Shawn Colvin Uncovered cover 400.jpg

Shawn Colvin, ‘Uncovered’

Anyone who has followed Shawn Colvin’s career for any length of time knows that she is very fond of covering songs. She can’t help it. She got her start as a cover artist in a bar band. As good of a copy cat as she is, however, Colvin learned long ago that she had to make the songs her own by finding their emotional and/or musical pivot points and turning them inside out or upside down, depending on the piece. That’s the beauty of interpretation, at least in the hands of a true songsmith like Colvin.

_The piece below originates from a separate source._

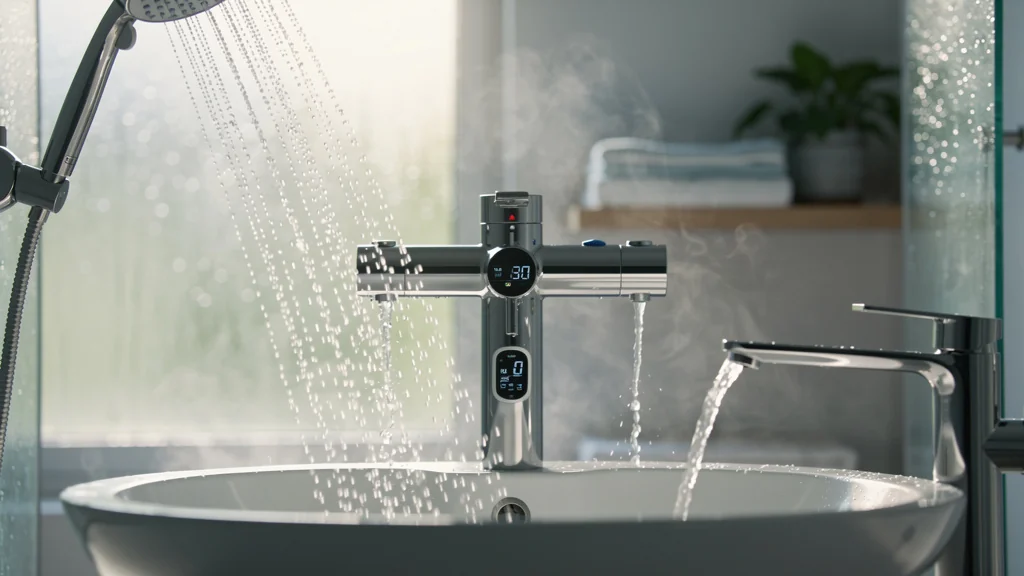 Mesure précise de la consommation d’eau chaude avec un mitigeur thermostatique dans une salle de bain moderne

On her lastest album, ‘Uncovered,’ she puts her stamp on tunes by Bruce Springsteen, Paul Simon, Robbie Robertson, Tom Waits, and others. “American Tune,” “Acadian Driftwood,” “Lodi,” “Not a Drop of Rain,” and “Hold On” all feel like natural fits for Colvin, while Stevie Wonder’s “Heaven Is 10 Zillion Light Years Away” undergoes a complete reworking, as does Gerry Rafferty’s “Baker Street” where Colvin swaps the wailing saxophone for a woeful steel guitar. She also invites David Crosby in to sing the harmonies. The resulting effect finds what was once a radio-friendly ditty of hope turned into a hauntingly achy dirge. And it’s wonderful. Alternately, Colvin keeps some of the pep in the step of Crowded House’s “Private Universe,” but scales back its original, highly produced atmosphere to an intimate, solo guitar and vocal affair.

What it comes down to is this: No matter who wrote the songs, ‘Uncovered’ is a Shawn Colvin album through and through.